С наивностью людей, полагающих, что сценой способны изменить положение вещей и мнения противников, они незамедлительно ринулись друг на друга.
После случившегося Виктор Скловский пал с вершины, а Юрий внезапно вновь оказался выше отца. В общей цели насолить Скловскому, доказать, что не так уж он великолепен, они с Владимиром невольно шли по одному пути.
– Что он вам сделал такого? Чтобы так… Да кто вы после этого? И даже Женя попала под твое влияние!.. Я не верю, что она по доброй воле так.

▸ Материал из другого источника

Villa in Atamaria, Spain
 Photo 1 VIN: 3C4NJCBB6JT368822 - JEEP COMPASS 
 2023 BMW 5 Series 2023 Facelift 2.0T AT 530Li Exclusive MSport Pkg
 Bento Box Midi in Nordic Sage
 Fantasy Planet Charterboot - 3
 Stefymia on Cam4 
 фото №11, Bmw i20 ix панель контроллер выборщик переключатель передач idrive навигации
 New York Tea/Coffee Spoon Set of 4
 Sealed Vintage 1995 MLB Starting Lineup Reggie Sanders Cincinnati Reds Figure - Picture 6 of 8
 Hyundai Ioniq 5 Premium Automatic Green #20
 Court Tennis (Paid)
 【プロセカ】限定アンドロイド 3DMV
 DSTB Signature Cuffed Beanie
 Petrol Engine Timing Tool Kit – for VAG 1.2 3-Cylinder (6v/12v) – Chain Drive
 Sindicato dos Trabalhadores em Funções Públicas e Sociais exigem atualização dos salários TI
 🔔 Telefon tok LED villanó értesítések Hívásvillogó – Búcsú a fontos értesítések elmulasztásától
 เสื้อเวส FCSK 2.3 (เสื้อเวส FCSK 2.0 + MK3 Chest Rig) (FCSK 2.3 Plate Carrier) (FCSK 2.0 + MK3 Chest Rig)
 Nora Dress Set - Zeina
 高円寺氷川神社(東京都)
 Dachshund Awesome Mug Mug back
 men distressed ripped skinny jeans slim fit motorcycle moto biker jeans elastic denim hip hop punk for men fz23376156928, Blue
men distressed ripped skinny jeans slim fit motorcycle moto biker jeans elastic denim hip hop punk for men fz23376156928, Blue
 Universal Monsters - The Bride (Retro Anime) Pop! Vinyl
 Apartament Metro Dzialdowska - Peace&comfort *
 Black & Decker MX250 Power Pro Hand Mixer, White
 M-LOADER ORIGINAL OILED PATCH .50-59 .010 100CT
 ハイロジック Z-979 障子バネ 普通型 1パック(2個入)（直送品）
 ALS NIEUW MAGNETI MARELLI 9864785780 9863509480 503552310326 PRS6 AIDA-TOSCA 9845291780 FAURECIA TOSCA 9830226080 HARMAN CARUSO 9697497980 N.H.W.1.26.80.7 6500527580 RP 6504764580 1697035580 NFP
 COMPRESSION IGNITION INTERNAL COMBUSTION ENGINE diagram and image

– Женя пострадала от вашей семейки больше кого бы то ни было, не смей приплетать ее в разговор и осуждать! У самого рыльце в пушку.
– И что же он такого ей сделал? Так ранил, что оправдано? А то, что его пытали эти мерзавцы, не в счет? Это ведь необратимо, невообразимо уродливо, ни они, ни вы не имеете право на издевательство над плотью! Представляете ли вы, какого ему было?
– Я бы не заставлял идти на аборт свою жену.
– Интересно, как можно избежать того, в чем ты обвиняешь отца, если это природа?
– Не трогать женщину, если уж другого выхода нет. А вы-звери! И не смейте прикрываться любовью и обстоятельствами, которых не исправить! То, что она каждый год по несколько раз драть себя должна, втаптывая гордость и желания в землю, не является любовью. Это что угодно, но не любовь – так не думать, каково человеку рядом. Любовь – это оберегание. Не такие мы тряпичные куклы, чтобы все принимать безропотно, чтобы даже не спрашивать женщину, хорошо ли ей живется рядом с нами. Это отнюдь не разумеется само собой. Мы кричим о том, как трудно быть мужчиной в работе или на фронте, даем понять, что совершаем невероятные подвиги ежедневно. И даже не думаем о том, что женщинам тоже отнюдь не сладко.
Женя, выбежавшая из комнаты с тряпкой в руках, закрыла лицо грязными ладонями от унижения.